59.2 Suite Signage: Lessee shall be allowed to install suite
identification signage located at the entrance wall of its
Premises, per the Lessor's building sign program.
59.3 Directory Signage: Lessee shall have the right to include the
name of the Lessee on the Building Directory in the main lobby.
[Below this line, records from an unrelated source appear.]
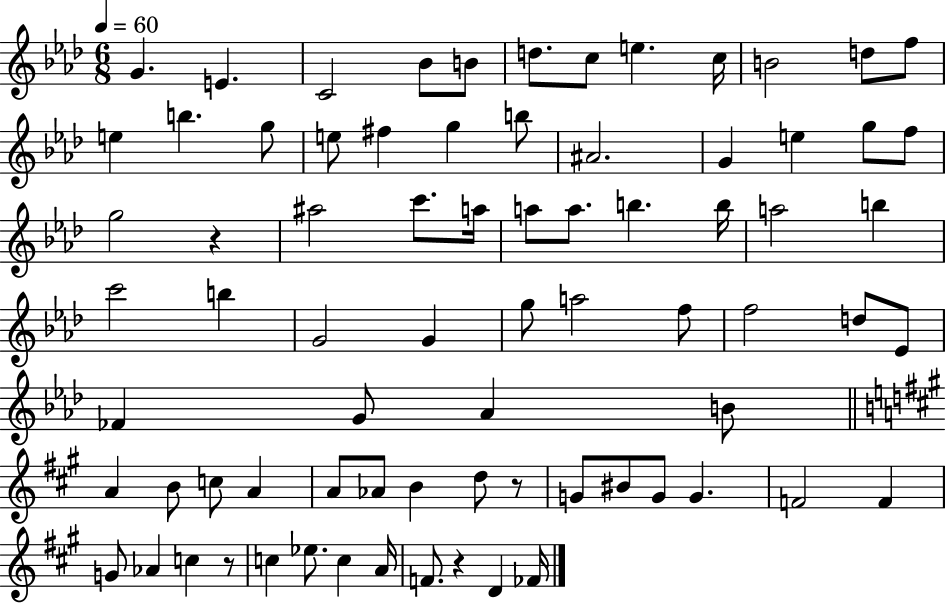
X:1
T:Untitled
M:6/8
L:1/4
K:Ab
G E C2 _B/2 B/2 d/2 c/2 e c/4 B2 d/2 f/2 e b g/2 e/2 ^f g b/2 ^A2 G e g/2 f/2 g2 z ^a2 c'/2 a/4 a/2 a/2 b b/4 a2 b c'2 b G2 G g/2 a2 f/2 f2 d/2 _E/2 _F G/2 _A B/2 A B/2 c/2 A A/2 _A/2 B d/2 z/2 G/2 ^B/2 G/2 G F2 F G/2 _A c z/2 c _e/2 c A/4 F/2 z D _F/4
59.4 Lessee's sign(s) must:
59.4.1 Comply with all applicable governmental laws, statutes,
regulations, rules, codes and ordinances;
59.4.2 Comply with the provisions of this Lease;
59.4.3 Have been approved in advance by all appropriate
government agencies;
59.4.4 Have been approved in advance by Lessor as to design,
location and manner of attachment to the side of the
Building;
59.4.5 As to the exterior sign, comply with all instruments
recorded against the Property of which the Premises are
a part (if any);
PAGE 3 OF 5 PAGES
22
59.4.6 Be subject to and conditional upon the rights and
privileges of all preexisting sign rights of other
lessees.
59.4.7 Lessee shall bear all expenses relating to Lessee's
Signs, including:
59.4.7.1 The cost of Lessee's Sign;
59.4.7.2 The cost of obtaining permits and approvals;
59.4.7.3 The cost of installing, maintaining, repairing
and replacing Lessee's Sign;
59.4.7.4 The cost of any electrical consumption
illuminating Lessee's Sign; and
59.4.7.5 Costs associated with the removal of Lessee's
Sign, repair of any damage caused by such
removal, and restoration of the site of
Lessee's Sign on the side of the Building to
the condition in which those portions of the
Building existed before the installation of
Lessee's Sign. Lessee shall pay to Lessor,
within thirty (30) days after receipt of
Lessor's demand, all expenses incurred by
Lessor except for those payable directly by
Lessee to any third party. Lessee's payment
obligation under this paragraph 59 shall
survive the expiration or earlier termination
of the Lease Term.
60. REMEDIES AVAILABLE TO LESSEE IN THE EVENT OF MATERIAL DEFAULT BY LESSOR.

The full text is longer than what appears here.